[Start of Attachment]

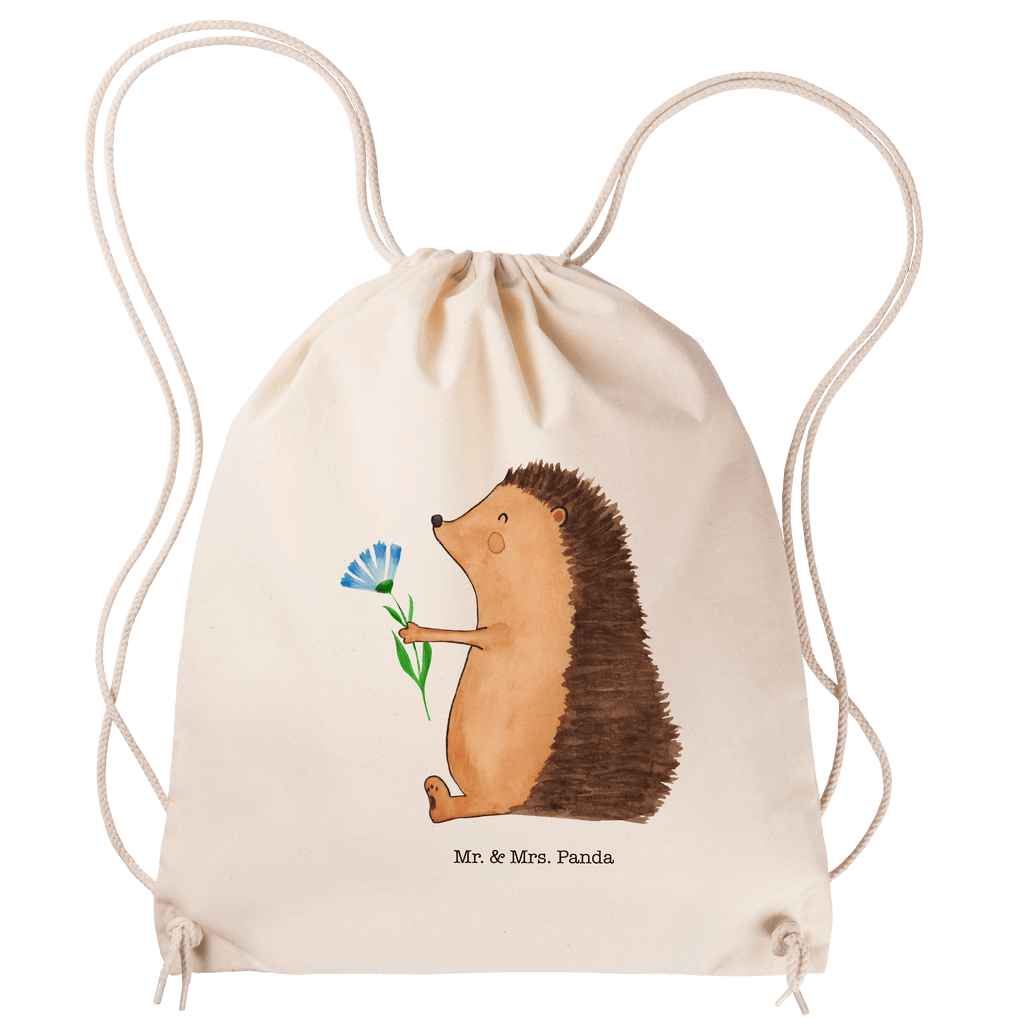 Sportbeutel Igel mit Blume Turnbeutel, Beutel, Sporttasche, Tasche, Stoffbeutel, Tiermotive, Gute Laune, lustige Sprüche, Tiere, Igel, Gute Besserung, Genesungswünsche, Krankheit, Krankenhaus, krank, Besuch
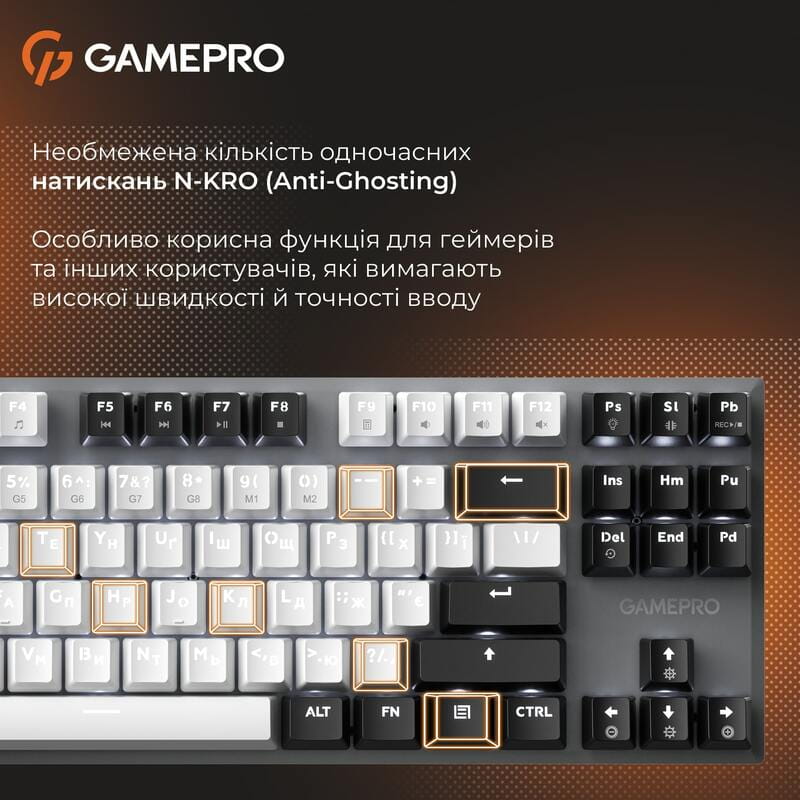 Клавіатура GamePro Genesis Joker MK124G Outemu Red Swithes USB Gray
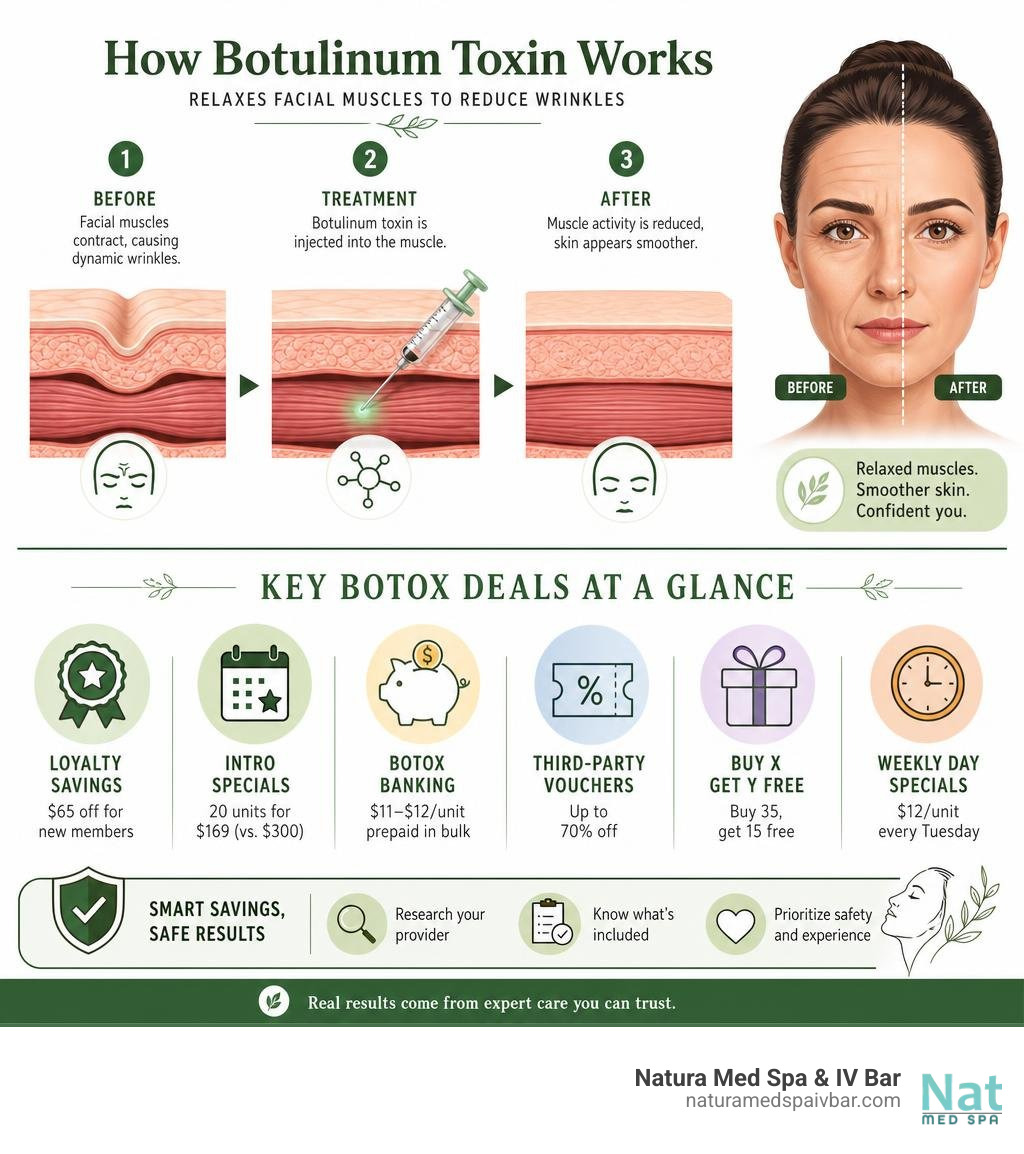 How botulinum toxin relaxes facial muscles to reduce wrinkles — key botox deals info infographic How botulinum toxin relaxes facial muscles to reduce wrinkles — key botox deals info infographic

[End of Attachment]
[Start of Attachment]

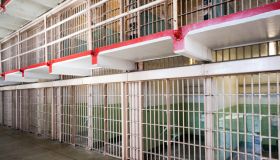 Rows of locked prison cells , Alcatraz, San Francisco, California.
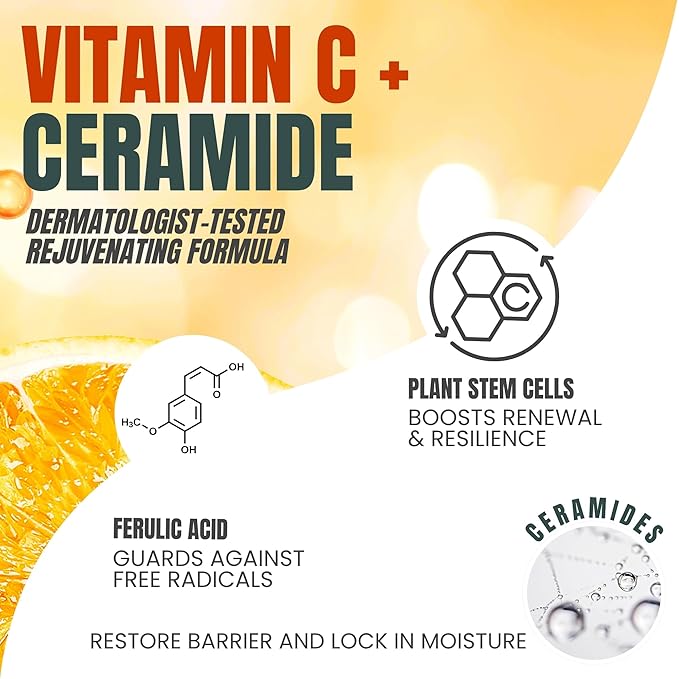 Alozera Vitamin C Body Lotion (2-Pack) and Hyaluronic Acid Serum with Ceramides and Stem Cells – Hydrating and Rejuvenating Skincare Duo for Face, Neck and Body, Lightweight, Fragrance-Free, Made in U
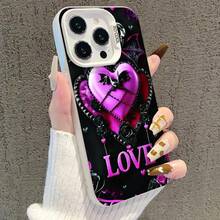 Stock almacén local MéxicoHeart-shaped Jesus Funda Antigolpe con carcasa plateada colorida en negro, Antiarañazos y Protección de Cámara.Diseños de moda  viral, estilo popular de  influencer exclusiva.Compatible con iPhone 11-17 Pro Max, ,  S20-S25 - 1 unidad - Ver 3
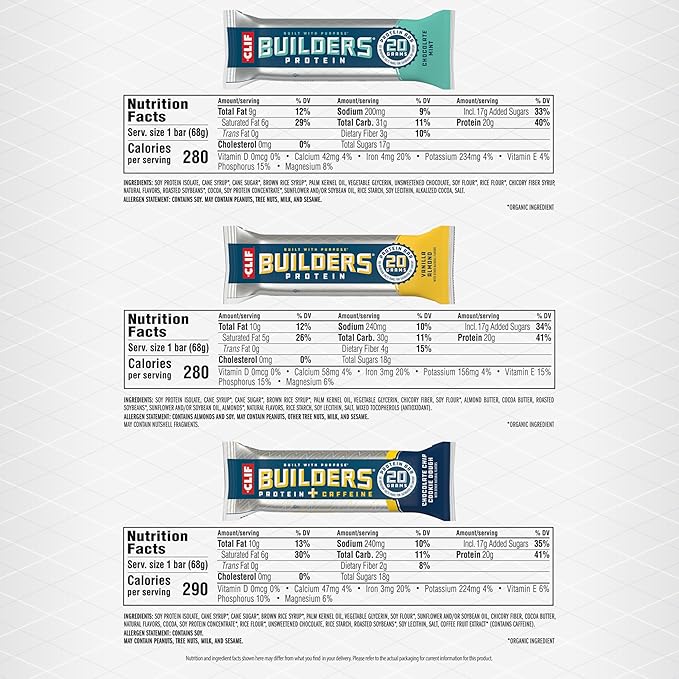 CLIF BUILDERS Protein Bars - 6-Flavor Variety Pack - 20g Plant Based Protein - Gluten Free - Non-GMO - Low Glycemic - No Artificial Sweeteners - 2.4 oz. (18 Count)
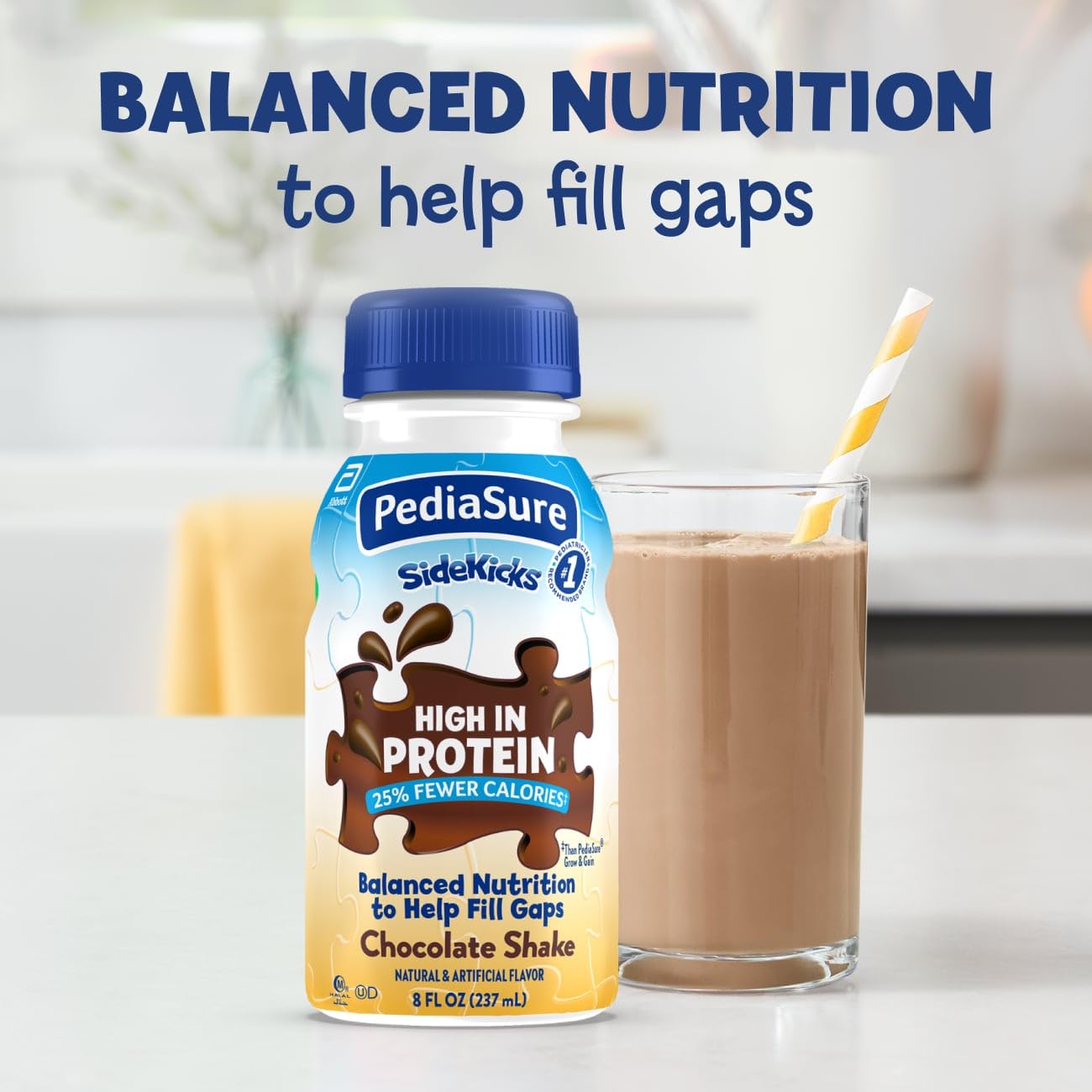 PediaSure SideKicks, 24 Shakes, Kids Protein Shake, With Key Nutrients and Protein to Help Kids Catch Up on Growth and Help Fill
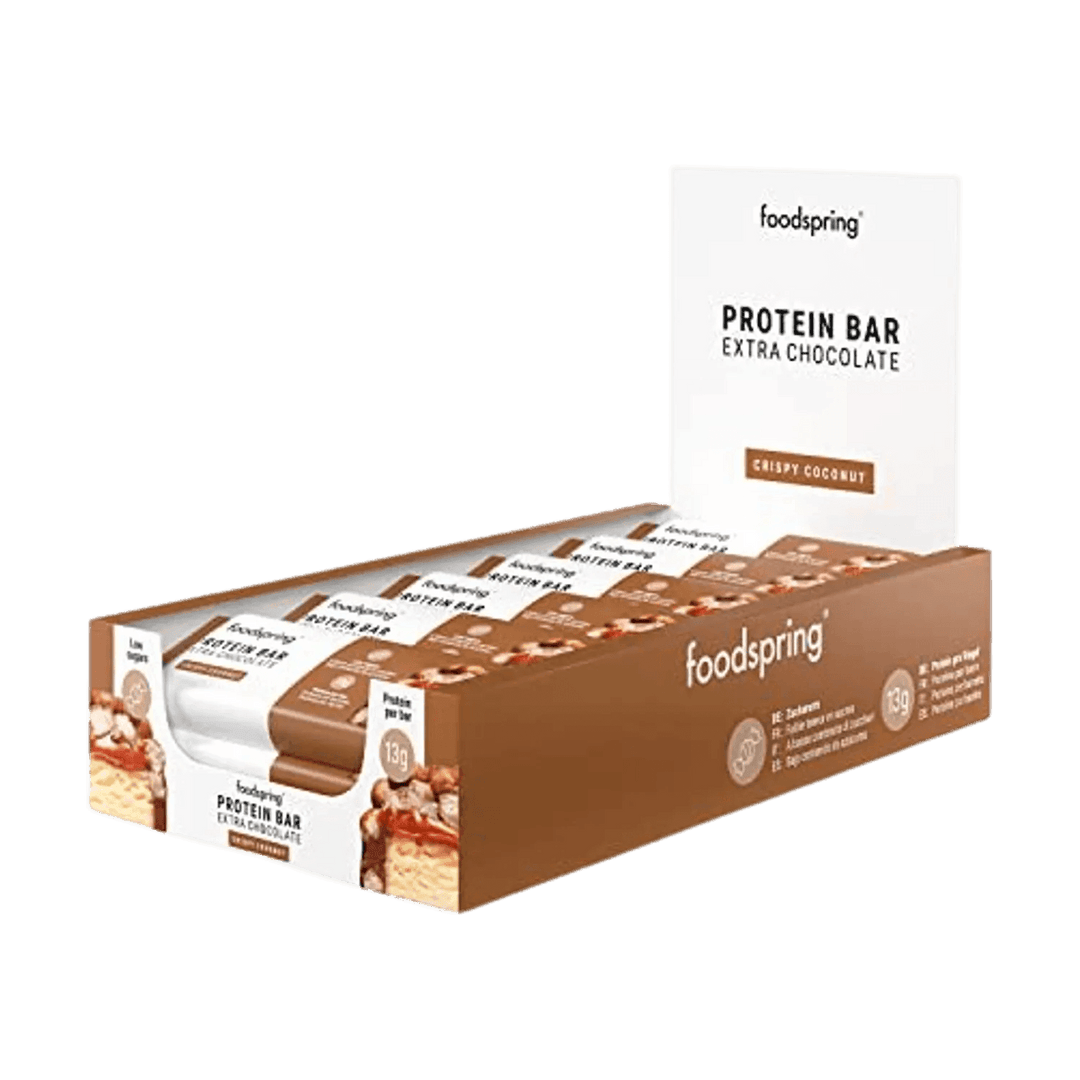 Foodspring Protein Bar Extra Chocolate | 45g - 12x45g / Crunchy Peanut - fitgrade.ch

[End of Attachment]
[Start of Attachment]

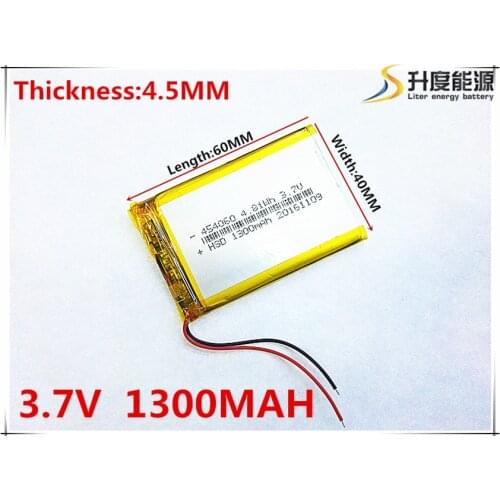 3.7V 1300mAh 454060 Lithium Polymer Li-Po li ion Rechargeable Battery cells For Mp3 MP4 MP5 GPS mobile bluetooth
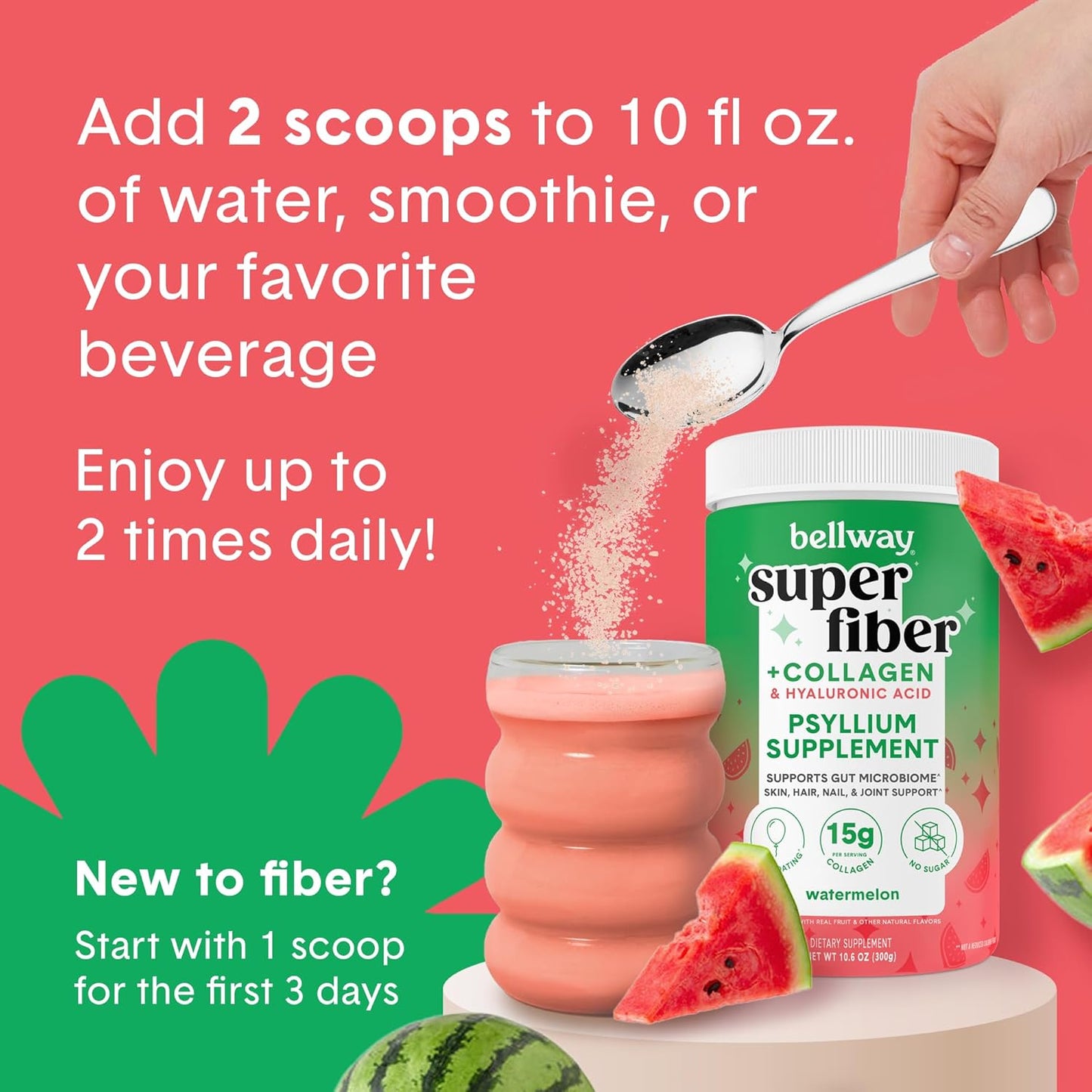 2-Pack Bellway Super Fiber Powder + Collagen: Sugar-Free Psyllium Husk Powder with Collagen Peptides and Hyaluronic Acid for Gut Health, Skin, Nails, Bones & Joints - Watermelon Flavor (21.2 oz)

[End of Attachment]

(What to do):
Your copy should hold the lines from the one with "Rows of locked" up to and including the one with "Foodspring Protein Bar", exactly as in the data above, and no pictures.

(Answer section):
 Rows of locked prison cells , Alcatraz, San Francisco, California.
 Alozera Vitamin C Body Lotion (2-Pack) and Hyaluronic Acid Serum with Ceramides and Stem Cells – Hydrating and Rejuvenating Skincare Duo for Face, Neck and Body, Lightweight, Fragrance-Free, Made in U
 Stock almacén local MéxicoHeart-shaped Jesus Funda Antigolpe con carcasa plateada colorida en negro, Antiarañazos y Protección de Cámara.Diseños de moda  viral, estilo popular de  influencer exclusiva.Compatible con iPhone 11-17 Pro Max, ,  S20-S25 - 1 unidad - Ver 3
 CLIF BUILDERS Protein Bars - 6-Flavor Variety Pack - 20g Plant Based Protein - Gluten Free - Non-GMO - Low Glycemic - No Artificial Sweeteners - 2.4 oz. (18 Count)
 PediaSure SideKicks, 24 Shakes, Kids Protein Shake, With Key Nutrients and Protein to Help Kids Catch Up on Growth and Help Fill
 Foodspring Protein Bar Extra Chocolate | 45g - 12x45g / Crunchy Peanut - fitgrade.ch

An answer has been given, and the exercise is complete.